Records for this exercise
● ● ●

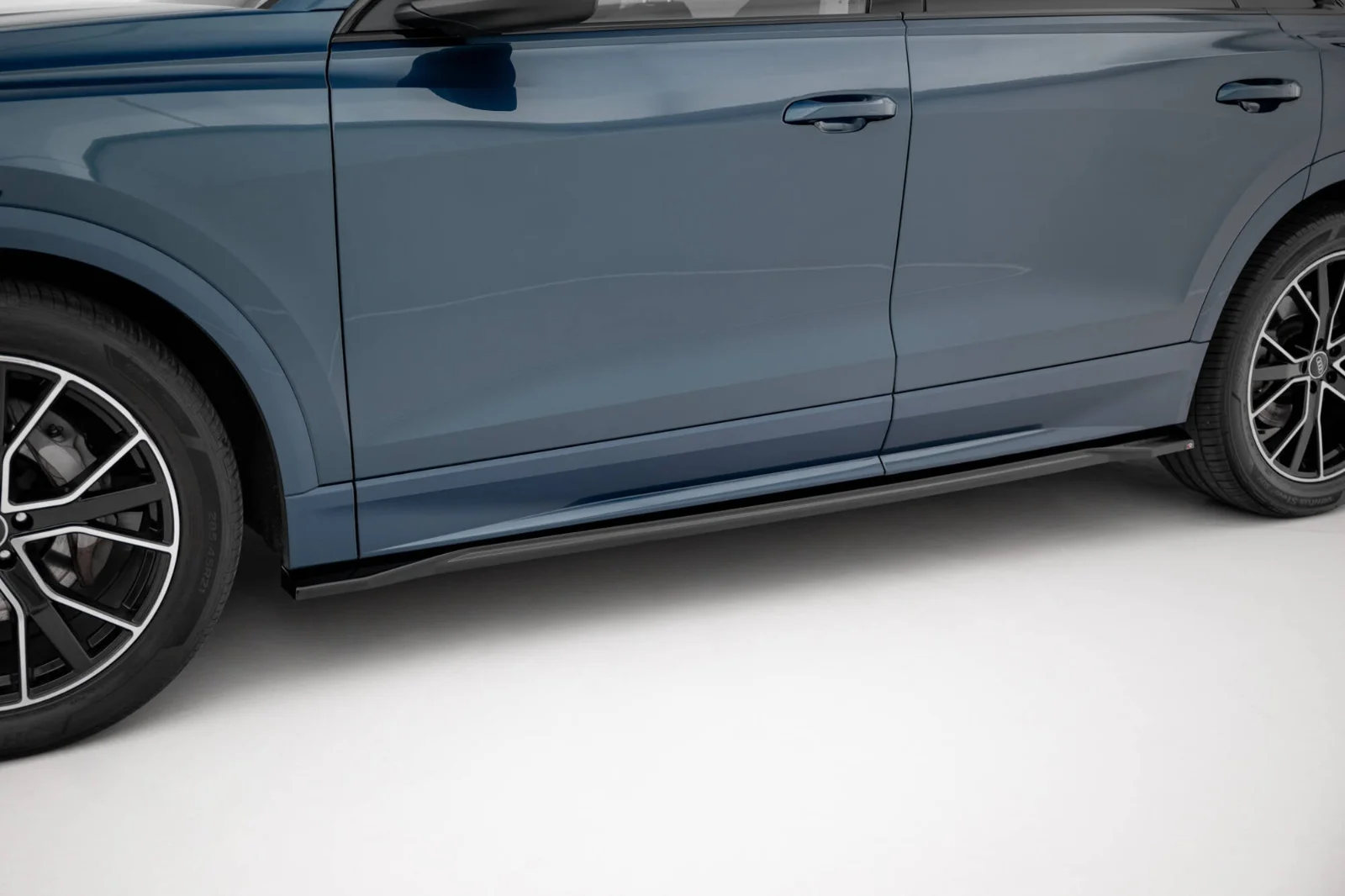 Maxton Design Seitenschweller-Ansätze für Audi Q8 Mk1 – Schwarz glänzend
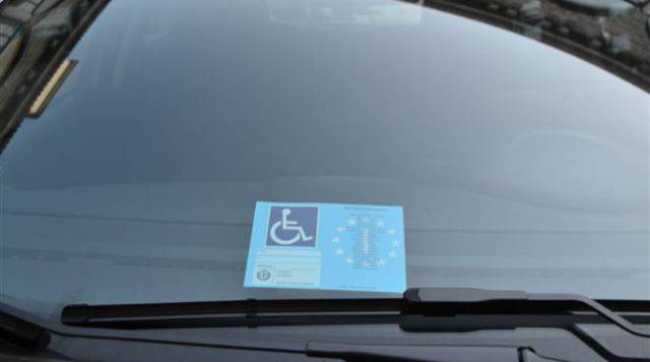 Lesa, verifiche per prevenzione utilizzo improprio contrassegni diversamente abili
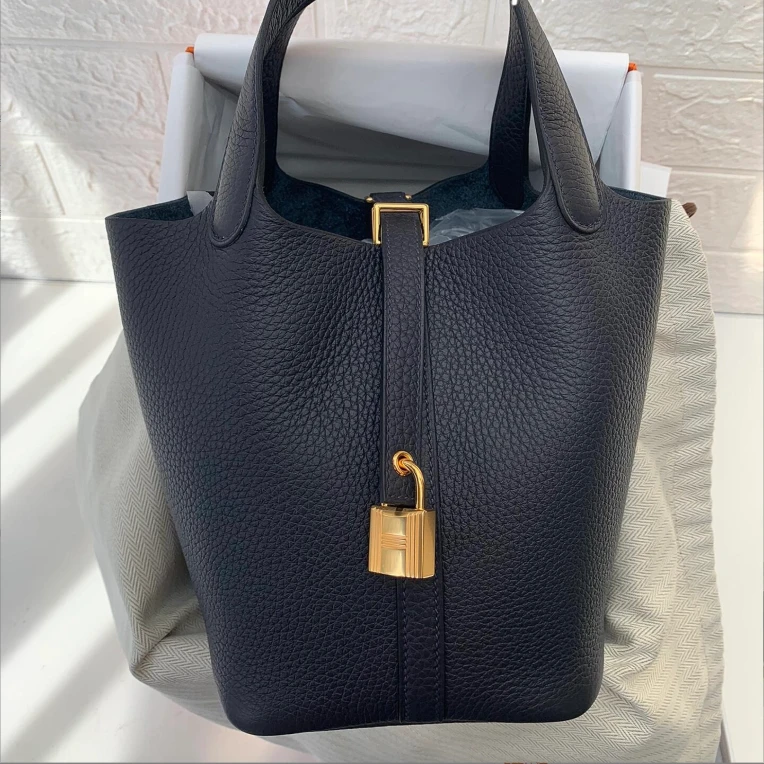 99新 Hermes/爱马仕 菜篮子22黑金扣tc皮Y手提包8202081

● ● ●

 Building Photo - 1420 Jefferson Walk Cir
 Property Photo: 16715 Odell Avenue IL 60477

● ● ●

Task to carry out
Output exactly the lines above, beginning at the one with "Lesa, verifiche per" and stopping after the one with "99新 Hermes/爱马仕 菜篮子22黑金扣tc皮Y手提包8202081". Pictures are to be omitted.

Your solution
 Lesa, verifiche per prevenzione utilizzo improprio contrassegni diversamente abili
 99新 Hermes/爱马仕 菜篮子22黑金扣tc皮Y手提包8202081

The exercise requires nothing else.